By Johnanthony Alaimo
Rejoice my British friends and girls who have a “Keep Calm and Carry On” poster in their dorm rooms: Our favorite duchess is pregnant again. No, not Fergie. The other one. Kate Middleton is once again with child. Yes, she is carrying a bundle of joy that is causing her to vomit like she’s in “The Exorcist.” Unfortunately, she is suffering from the same violent morning sickness she went through with George, her firstborn. Otherwise, she could not be happier. The rest of the royal family is also in high spirits, even Prince Harry, who, with the birth of the new child, will be knocked down a peg in the line of succession from fourth to fifth. No word yet if a play date will be arranged with the new child and Blue Ivy, but sources close to the royal couple say that, as commoners, they are terrified of contacting Beyoncé.
And Jesus said, “Thou shall throw no shade lest you be never had drama.” Or maybe that was Tyra Banks. Quotes aside, Taylor Swift has been talking trash in the latest edition of Rolling Stone. Apparently, a fellow pop star was the inspiration of her song “Bad Blood,” which appears on her upcoming album “1989.” Here’s the extended quote: “For years, I was never sure if we were friends or not. She would come up to me at awards shows and say something and walk away, and I would think, ‘Are we friends, or did she just give me the harshest insult of my life?’ Then last year, the other star crossed a line. She did something so horrible, I was like, ‘Oh, we’re just straight-up enemies.’ And it wasn’t even about a guy!” Turns out the “star” (and I use that term lightly), is none other than Katy Perry, best known for singing about plastic bags and sounding like she’s singing out of one. Whatever Perry did, she better thank God Swift is done with country right now or she’d have tractor trailer marks all down her back.

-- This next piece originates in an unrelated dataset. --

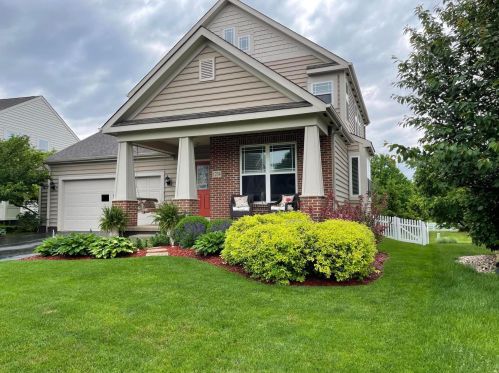 1238 Carnoustie Cir, Darbydale, OH 43123-8140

And in more marriage news, Neil Patrick Harris and David Burtka married in a secret ceremony in Italy. First Beyoncé dropping an unannounced album, then Neil marrying his husband in secret, it’s like celebrities want privacy or something! Pft. Well, congrats to the happy couple. I wish them years of bliss, merriment and terrifying moments of asking each other whether or not they shut off the oven when they’re out.